Hey, Gattaccio, sì dico a te. A te con quel musone grosso e quelle zampotte lunghe, i muscoli belli tesi, il manto che pare un tappeto e quella coda mozza.

Che botta!

Eravamo rimasti a quasi due mesi fa che dovevamo andare dal veterinario e tu ti ribellasti e mi conciasti per le feste. E rimanemmo qualche tempo senza “parlarci”, noi due.

Proprio te, che da quando ti abbiamo soccorso sei diventato il gatto adesivo fuori dalla mia porta di casa. Per un po’ ti ho dato il cibo e l’acqua, quello sempre, ma il feeling fra noi era un po’ evaporato. Poi i graffi si sono richiusi e le ferite rimarginate e tutto è tornato come prima, con te che appena mi avvicino al muretto arrivi di corsa per strusciarti contro le mie gambe ma ti ritrai se cerco di toccarti io quando sei sotto al tavolo.

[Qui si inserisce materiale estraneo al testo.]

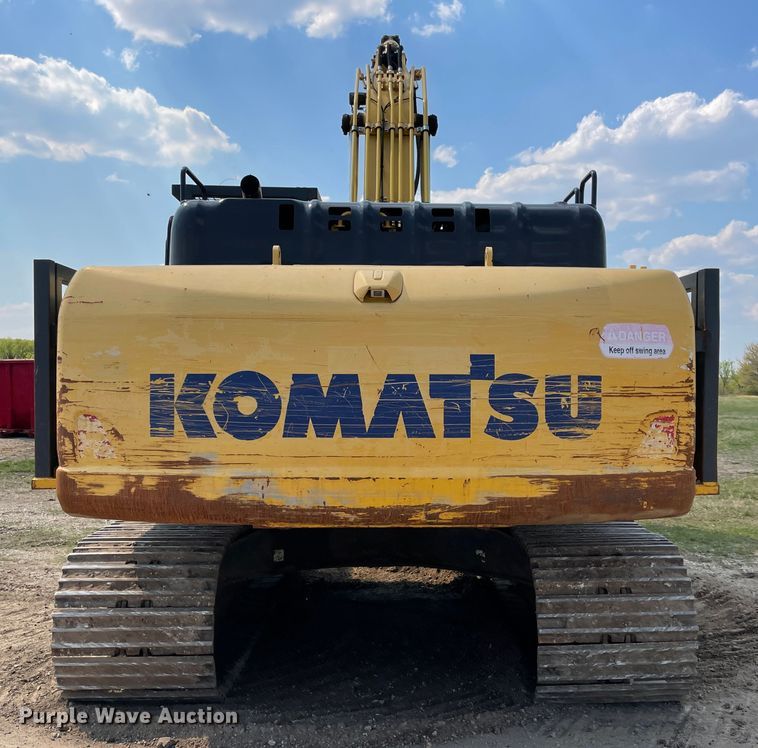 image for item IR9862 2014 Komatsu PC360LC-10  excavator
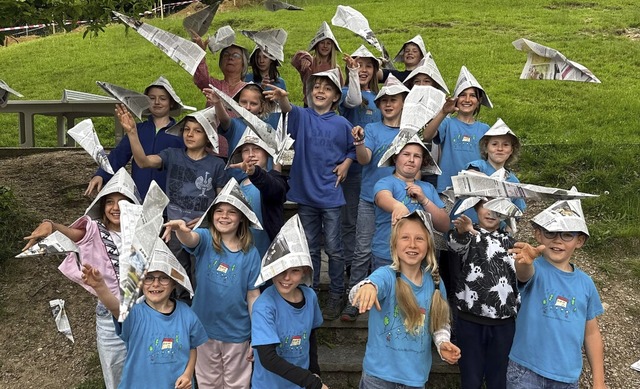 Bei Zisch wird nicht nur gelesen und d...towettbewerb im Frhjahrsprojekt 2025.  | Foto: privat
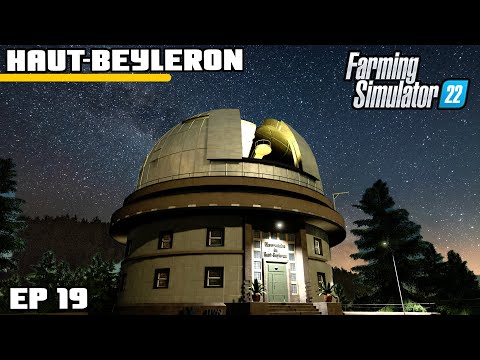 HUNTING FOR A VIDEO GAME CARTRIDGE | Farming Simulator 22 – Haut-Beyleron | Episode 19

L’altro giorno ce l’abbiamo fatta. Siamo andati dal veterinario. Sono riuscita a distrarti, tu hai avuto fiducia, ti sei fatto prendere in braccio e ti ho infilato nel trasportino. Poi ti ho dovuto dare due perette di sedativo perché stavi abbaiando come un cane e non so come avremmo potuto resistere fino dal veterinario.

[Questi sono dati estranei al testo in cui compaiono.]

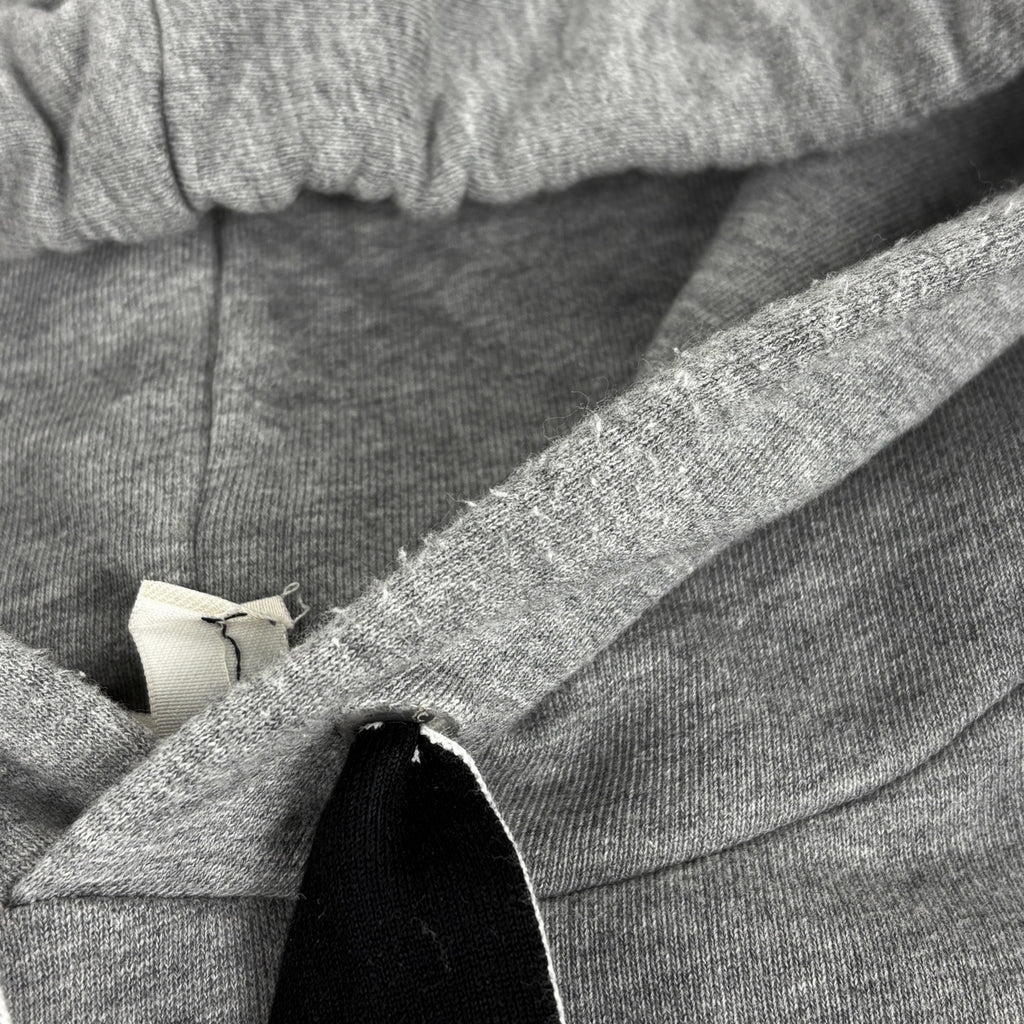 セリーヌ ルーズ フーディー ロゴ プルオーバー コットンフリース メンズ トップス パーカー グレー レディース ブランド品（アパレル） 【中古】brapp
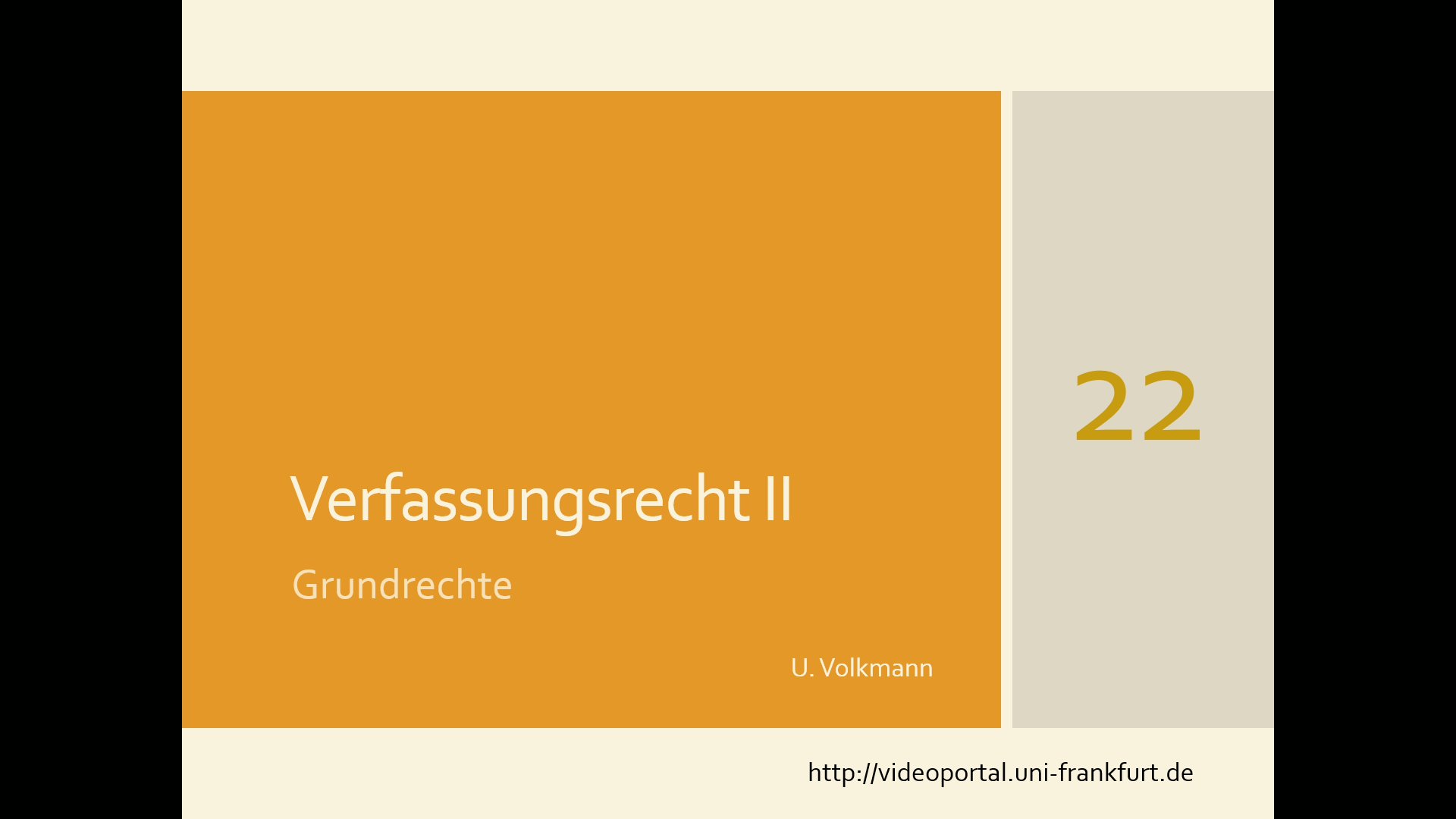 Verfassungsrecht II (Grundrechte)_1/15/2019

Appena saliti in macchina (ti ho messo nel bagagliaio, non fidandomi nemmeno del sedativo) hai scaricato riempiendo l’abitacolo di un odore nauseabondo che mi ha accompagnato per tutto il viaggio. Hai riempito dello stesso odore la sala di attesa finché non ho preso il lungo rotolo di carta e il disinfettante e ho cercato di ripulire tutto quel disastro.

Poi ti hanno visitato. A te che ciondolavi sedato come un carciofone, il vet (la vet in realtà), ha prelevato il sangue e ti ha fatto tutti gli accertamenti che in vita tua, quando eri un gattaccio libero e selvatico, nessuno si è mai sognato di farti. Fai sempre un certo effetto sai, se anche da sedato la vet ti ha coperto il musone con una mascherina che mi parevi Hannibal Lecter.

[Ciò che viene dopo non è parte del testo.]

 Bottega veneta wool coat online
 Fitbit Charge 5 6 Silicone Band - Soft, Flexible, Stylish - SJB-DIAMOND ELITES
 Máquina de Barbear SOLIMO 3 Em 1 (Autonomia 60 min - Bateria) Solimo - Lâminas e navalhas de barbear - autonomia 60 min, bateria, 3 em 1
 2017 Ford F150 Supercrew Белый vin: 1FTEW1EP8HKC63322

Però, però… Io credevo che sarebbe stato il giorno del tuo ingresso nella società censita dei gatti, che avresti avuto il tuo libretto, il tuo vaccino. E li hai avuti, certo.

Ma in quel giorno maledetto hai avuto anche qualcosa in più. Hai preso la patente di FIV e FELV e, ora che ti avevamo trovato e ci stavamo attaccando così a te, per tutti noi è stata proprio una bella botta.

Per te che cosa cambia? Saperlo, niente. Tu continuerai a fare la tua vita fino a quando la natura te lo permetterà. Noi potremo alleviarti questi anni che ti rimangono da vivere curandoti nel miglior modo possibile. Che in fondo del doman non v’è certezza per nessuno e la vita randagia alla fine presenta sempre il conto.

A proposito. Quanti anni hai? Secondo la vet fra cinque e dieci (che sarebbe come dire fra trentacinque e settanta), un bel range per un gatto.

Insomma, Gattaccio, è iniziato il riposo del guerriero. Speriamo che sia lungo e il più possibile senza dolore.